Cons: Routine maintenance averaged $500 per visit, limited rear passenger room, cargo area doesn't take kindly to taller items, rough stop-start system.

Bottom Line: The Porsche Macan combines the feel of a sports car with the body of an SUV better than anything else on the road. If you can deal with the limited space in back, and the steep sticker price, buy one. You won't be disappointed.

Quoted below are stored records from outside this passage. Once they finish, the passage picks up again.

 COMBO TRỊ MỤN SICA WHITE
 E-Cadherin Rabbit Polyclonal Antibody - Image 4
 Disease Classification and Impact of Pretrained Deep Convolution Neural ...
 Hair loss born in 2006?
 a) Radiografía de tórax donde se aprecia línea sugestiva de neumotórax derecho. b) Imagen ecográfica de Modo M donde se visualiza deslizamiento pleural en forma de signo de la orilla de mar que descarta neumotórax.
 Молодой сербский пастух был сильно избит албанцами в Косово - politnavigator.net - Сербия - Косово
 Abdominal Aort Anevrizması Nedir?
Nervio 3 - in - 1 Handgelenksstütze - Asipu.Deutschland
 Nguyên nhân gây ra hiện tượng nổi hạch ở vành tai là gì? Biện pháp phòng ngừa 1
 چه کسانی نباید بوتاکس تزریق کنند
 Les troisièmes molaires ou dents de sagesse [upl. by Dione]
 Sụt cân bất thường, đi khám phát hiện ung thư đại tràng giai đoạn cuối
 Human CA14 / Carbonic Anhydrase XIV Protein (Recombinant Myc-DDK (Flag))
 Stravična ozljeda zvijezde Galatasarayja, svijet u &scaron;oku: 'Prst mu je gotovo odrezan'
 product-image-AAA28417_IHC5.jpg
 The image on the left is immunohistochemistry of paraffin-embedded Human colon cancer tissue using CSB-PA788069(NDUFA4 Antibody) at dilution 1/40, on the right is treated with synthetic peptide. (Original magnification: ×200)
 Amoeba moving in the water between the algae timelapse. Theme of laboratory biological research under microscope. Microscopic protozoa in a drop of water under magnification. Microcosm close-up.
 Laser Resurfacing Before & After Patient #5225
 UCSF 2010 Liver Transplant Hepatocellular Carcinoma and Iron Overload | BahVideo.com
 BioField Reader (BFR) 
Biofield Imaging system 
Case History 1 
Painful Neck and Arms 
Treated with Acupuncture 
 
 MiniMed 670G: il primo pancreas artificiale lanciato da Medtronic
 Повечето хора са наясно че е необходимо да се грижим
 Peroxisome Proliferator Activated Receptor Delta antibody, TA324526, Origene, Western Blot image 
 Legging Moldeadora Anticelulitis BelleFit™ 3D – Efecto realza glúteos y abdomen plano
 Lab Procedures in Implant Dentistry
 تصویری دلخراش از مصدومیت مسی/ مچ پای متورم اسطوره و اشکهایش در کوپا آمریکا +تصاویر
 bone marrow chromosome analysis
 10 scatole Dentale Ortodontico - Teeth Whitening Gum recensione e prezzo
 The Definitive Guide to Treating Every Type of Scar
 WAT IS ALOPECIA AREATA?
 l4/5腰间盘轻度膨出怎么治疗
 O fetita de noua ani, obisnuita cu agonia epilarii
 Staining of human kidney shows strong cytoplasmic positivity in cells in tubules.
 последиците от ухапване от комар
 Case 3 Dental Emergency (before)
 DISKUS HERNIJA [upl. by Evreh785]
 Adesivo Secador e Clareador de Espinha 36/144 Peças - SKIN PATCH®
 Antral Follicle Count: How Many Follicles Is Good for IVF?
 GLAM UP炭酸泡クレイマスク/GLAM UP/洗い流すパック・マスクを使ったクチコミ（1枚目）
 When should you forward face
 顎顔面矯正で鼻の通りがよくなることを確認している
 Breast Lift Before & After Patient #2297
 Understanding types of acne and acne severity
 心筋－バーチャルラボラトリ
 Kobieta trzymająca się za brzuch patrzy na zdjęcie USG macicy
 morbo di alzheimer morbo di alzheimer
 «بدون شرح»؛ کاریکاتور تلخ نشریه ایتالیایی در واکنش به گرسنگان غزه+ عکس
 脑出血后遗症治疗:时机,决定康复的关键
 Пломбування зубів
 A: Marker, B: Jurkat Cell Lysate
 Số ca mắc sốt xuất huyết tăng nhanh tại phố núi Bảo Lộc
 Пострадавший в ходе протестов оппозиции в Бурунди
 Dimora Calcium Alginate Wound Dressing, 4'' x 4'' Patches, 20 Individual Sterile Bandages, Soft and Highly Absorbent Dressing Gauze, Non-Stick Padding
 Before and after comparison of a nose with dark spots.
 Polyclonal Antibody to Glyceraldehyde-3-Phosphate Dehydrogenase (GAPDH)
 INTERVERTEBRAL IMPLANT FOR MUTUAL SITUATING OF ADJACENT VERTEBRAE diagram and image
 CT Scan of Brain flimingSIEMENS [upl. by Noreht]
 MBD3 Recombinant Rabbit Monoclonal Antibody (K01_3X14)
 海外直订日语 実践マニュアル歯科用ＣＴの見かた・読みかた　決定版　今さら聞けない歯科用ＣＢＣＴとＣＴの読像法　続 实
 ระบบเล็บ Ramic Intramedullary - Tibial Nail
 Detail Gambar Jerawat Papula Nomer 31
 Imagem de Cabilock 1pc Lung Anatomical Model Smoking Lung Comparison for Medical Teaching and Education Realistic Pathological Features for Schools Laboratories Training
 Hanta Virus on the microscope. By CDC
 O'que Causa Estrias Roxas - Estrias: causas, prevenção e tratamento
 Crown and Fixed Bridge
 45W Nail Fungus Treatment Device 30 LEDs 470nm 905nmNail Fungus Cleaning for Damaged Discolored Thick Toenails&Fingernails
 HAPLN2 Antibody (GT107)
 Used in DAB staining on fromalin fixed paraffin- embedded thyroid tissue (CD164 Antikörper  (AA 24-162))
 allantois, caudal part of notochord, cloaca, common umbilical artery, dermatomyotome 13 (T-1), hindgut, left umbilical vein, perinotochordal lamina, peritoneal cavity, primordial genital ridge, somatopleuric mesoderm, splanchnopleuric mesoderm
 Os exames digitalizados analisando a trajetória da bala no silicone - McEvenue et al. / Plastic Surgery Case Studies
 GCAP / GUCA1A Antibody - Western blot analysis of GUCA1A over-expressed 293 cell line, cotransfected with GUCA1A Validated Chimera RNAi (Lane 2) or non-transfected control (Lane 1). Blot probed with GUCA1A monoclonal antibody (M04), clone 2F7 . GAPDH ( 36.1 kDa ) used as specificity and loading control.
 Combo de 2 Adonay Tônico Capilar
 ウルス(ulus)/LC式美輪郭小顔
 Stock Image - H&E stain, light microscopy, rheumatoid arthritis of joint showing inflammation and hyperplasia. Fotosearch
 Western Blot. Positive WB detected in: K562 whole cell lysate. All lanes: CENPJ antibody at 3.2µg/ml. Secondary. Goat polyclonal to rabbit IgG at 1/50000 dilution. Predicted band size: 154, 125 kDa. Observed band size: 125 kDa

Total Body Repair Costs: None
Total Routine Maintenance Costs: $1,085.49 (over 12 months)
Additional Maintenance Costs: $30 to patch a tire
Warranty Repairs: Replace front parking aid sensor, PCM update, adjust front door gap, add protective film to rear door sill, replace roof console, reprogram PDK, reprogram DME.
Non-Warranty Repairs: None
Scheduled Dealer Visits: 2
Unscheduled Dealer Visits: 2 to remedy an oversensitive motion alarm.
Days Out of Service: 1 overnight stay required for 20K service.
Breakdowns Stranding Driver: None
Best Fuel Economy: 23.9 mpg
Worst Fuel Economy: 11.2 mpg
Average Fuel Economy: 17.3 mpg
True Market Value at service end: $49,411 (private-party sale)
What it Sold for: $49,411
Depreciation: $12,954 (21% of paid price)
Final Odometer Reading: 20,837 miles

Edmunds purchased this vehicle for the purposes of evaluation.